番組では、踏み込んだ技術分析はしていませんでしたが、独自調査に拠れば、金属では、ジルカロイの表面にCrをコーティングするものや、非金属では、SiCなどが候補です。米国では材料照射炉で照射試験を行っている段階であり、2030年頃に実用化を目指しています。

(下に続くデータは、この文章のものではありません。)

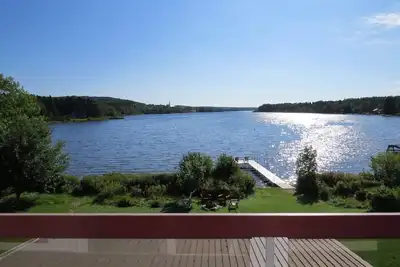 Image de Superbe RÉSIDENCE Et Cadre Idyllique Au Bord De L’Eau Pour Un SÉJOUR MÉMORABLE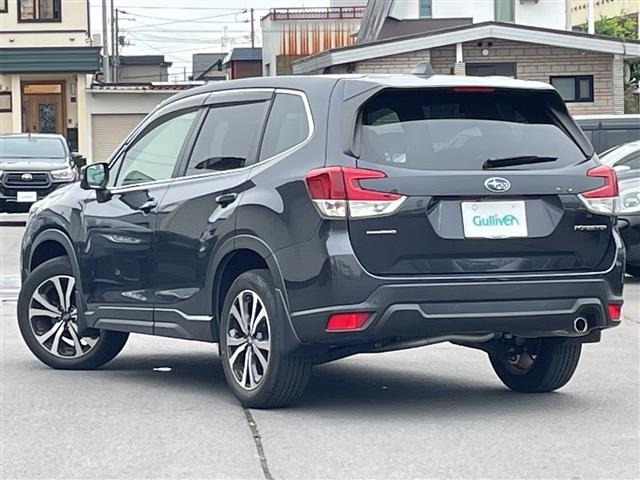 Subaru FORESTER 2018 8339911-13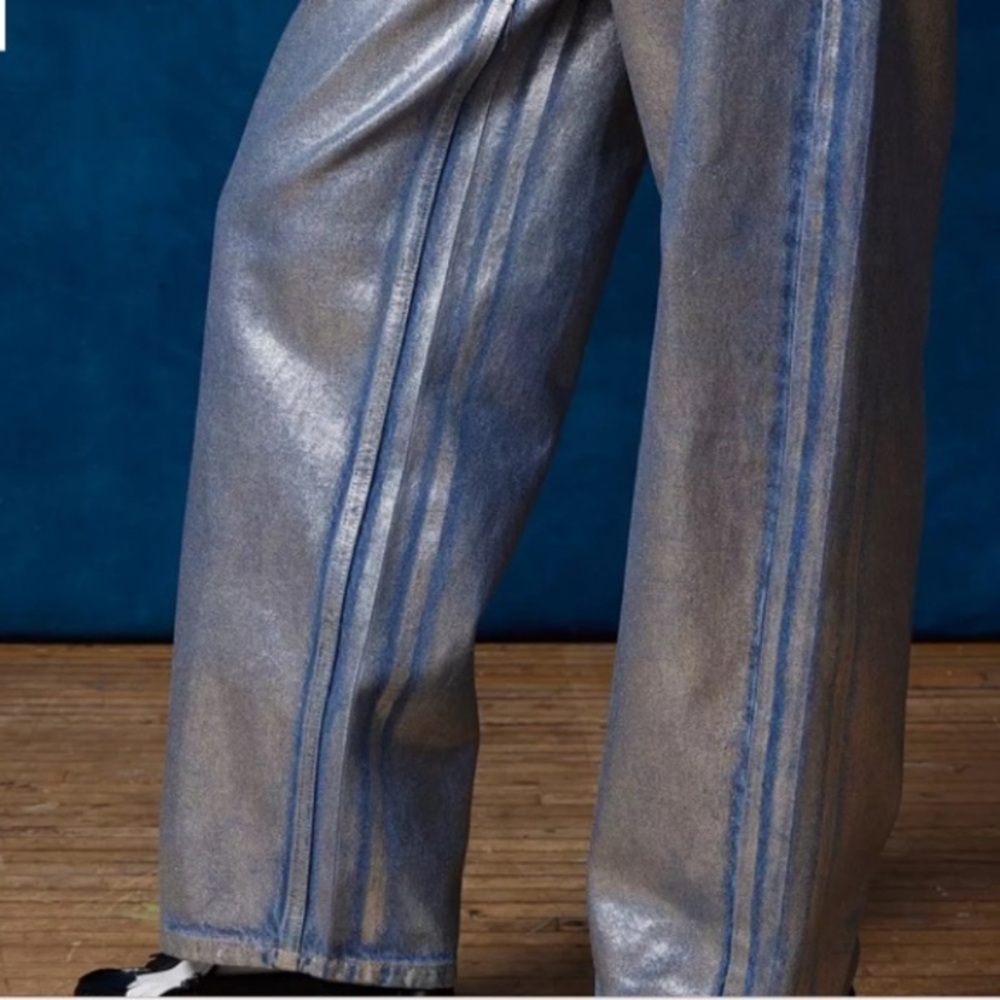 NWT BDG Bella Baggy Patch Pocket Silver Metallic Jeans. Size 27. Wide leg. - Picture 6 of 15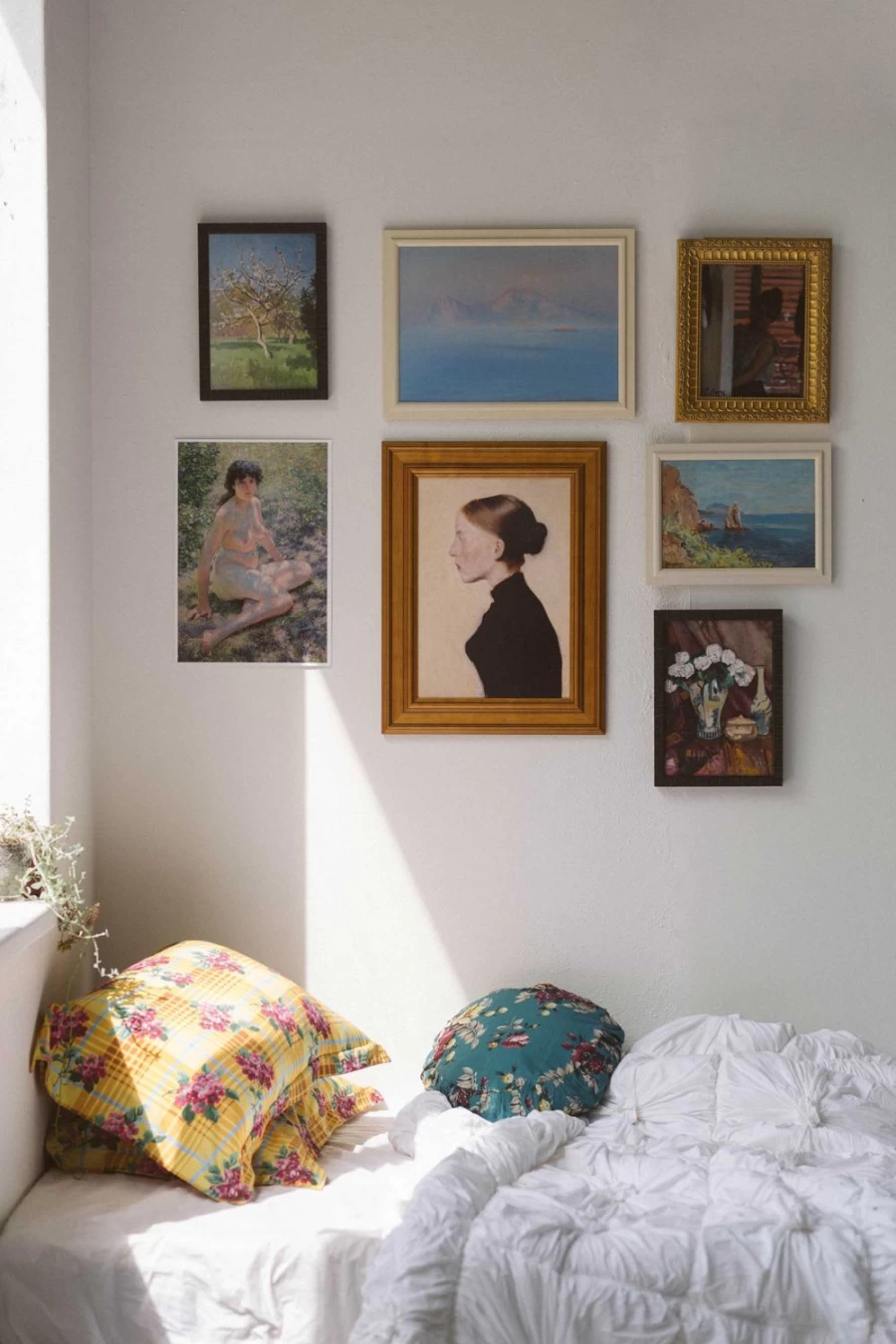 Lazybones Women's Lys Art Print Set - Wall Decor for Home & Office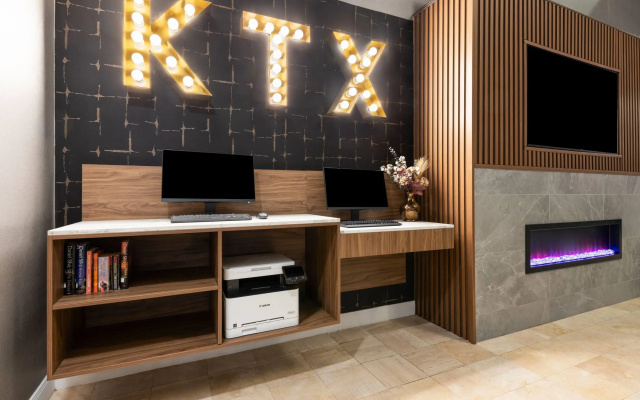 La Quinta Inn & Suites by Wyndham-Brookshire-West Katy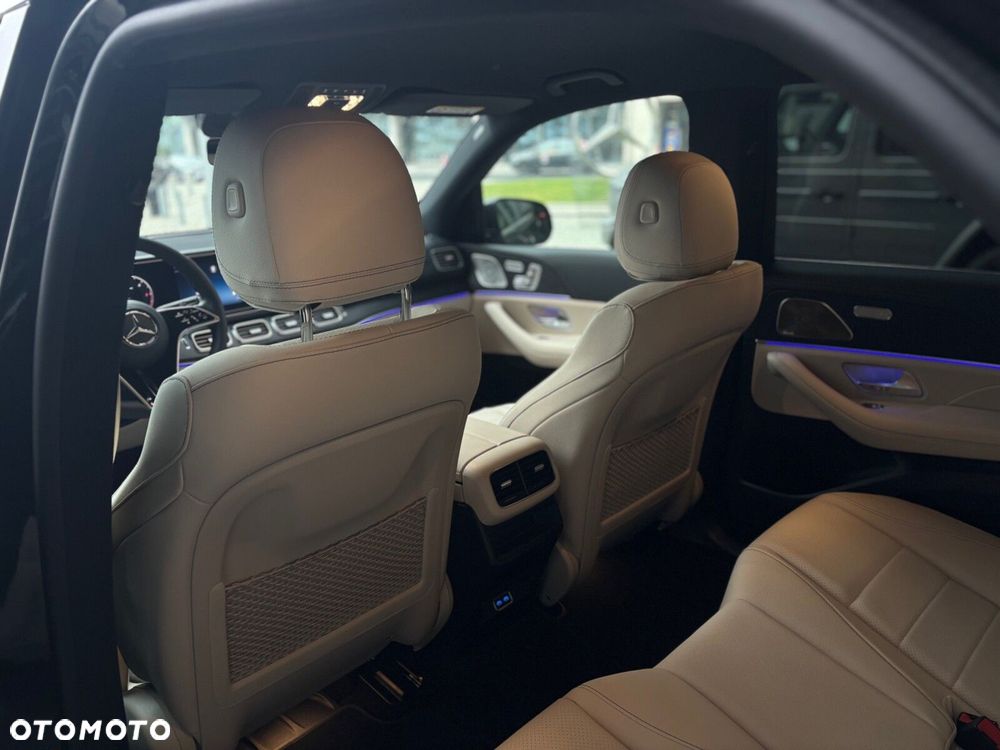 Mercedes-Benz GLE - 12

いまの技術をいくぶん改良するだけで実現できるいちばん現実的なものは、ジルカロイの表面にCrをコーティングする方法ですが、たとえ、Crのコーティングが極薄であっても、Crの中性子吸収(熱中性子吸収断面積は、3.1 barnsと、決して小さくはない)のため、中性子経済に影響するため、燃料棒のウラン濃縮度をいくぶん高めねばならないかもしれませんので、臨界計算コードを利用し、模擬モデルで、影響の程度を計算したら正確に評価できます。
しかし、ジルカロイの表面にCrをコーティングする方法では、崩壊熱でジルカロイが1850 ℃くらいで溶融するため、炉心崩落してしまうため、一時的な緩和策になっても、抜本的な解決策にならず、それでも、苛酷事故時、炉心注水対応の時間稼ぎにはなります。